Den Grund für die Sperrung liefern Arbeiten an einem Rollweg vor der Südbahn. Darüber gelangen die Flieger, nachdem sie wieder Boden unter den Rädern haben, zu ihrem jeweiligen Stellplatz. Seit einem Jahr wird diese Zufahrtstraße Abschnitt für Abschnitt saniert - jetzt müssen Kabel und Rohre verlegt werden. „Dafür benötigen wir einen Kran, den wir dort nun aufbauen“, sagt Witt. Der wiederum stört allerdings das so genannte Instrumenten-Landesystem mit dem den Piloten der Flugweg nach Düsseldorf gewiesen wird. „Spätestens 18,5 Kilometer vor dem Aufsetzen müssen die Flieger in der Verlängerung der Bahn sein, auf der sie landen wollen“, erklärt Michael Fuhrmann von der Flugsicherung. Dann erhalten die Piloten die Koordinaten, wie sie sicher Düsseldorf erreichen. Nähert sich das Flugzeug aus Westen, dann muss es ungefähr über Kleinenbroich auf Kurs sein. Erfolgt der Anflug aus östlicher Richtung, ist der Baldeneysee in Essen der Fixpunkt.
„Die Linie ließe sich auf einer Landkarte mit dem Lineal ziehen“, sagt Fuhrmann. Von da an fliegen die Piloten schnurstracks geradeaus. „Da unsere Bahnen nur 500 Meter auseinander liegen, ändert sich an der Einflugschneise trotz des geänderten Flugplans im Prinzip kaum etwas“, sagt Witt. Neue Ortschaften und Städte seien durch den Flugverkehr nicht tangiert. Die Gebiete, die seit jeher betroffen sind, überfliegen einige Flugzeuge in den nächsten Wochen eben 500 Meter versetzt.

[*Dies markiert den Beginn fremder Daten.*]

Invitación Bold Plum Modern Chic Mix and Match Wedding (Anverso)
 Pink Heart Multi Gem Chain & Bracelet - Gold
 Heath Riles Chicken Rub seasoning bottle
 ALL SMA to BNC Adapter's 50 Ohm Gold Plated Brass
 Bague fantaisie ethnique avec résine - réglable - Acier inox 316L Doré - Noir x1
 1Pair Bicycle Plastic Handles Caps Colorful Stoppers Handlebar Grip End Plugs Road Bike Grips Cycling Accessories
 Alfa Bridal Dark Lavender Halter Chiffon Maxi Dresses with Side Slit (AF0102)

„Deshalb gehen wir davon aus, dass die neue Regelung keinen großen Einfluss auf den Lärm hat“, sagt Witt. Zumal auch schon seit längerem, sobald der Flughafen Düsseldorf auf Zwei-Bahn-Betrieb umstellt, auf der Südbahn gestartet und auf der Nordbahn gelandet wird. Das ist bisher an 56 Stunden in der Woche der Fall, zwischen 6 und 22 Uhr. „So sieht es die Betriebsgenehmigung vor“, sagt Fuhrmann. Die anderen 56 Stunden ist eigentlich ein Einbahn-Betrieb auf der südlichen Piste vorgesehen. Doch der Kran macht diesen erst einmal unmöglich.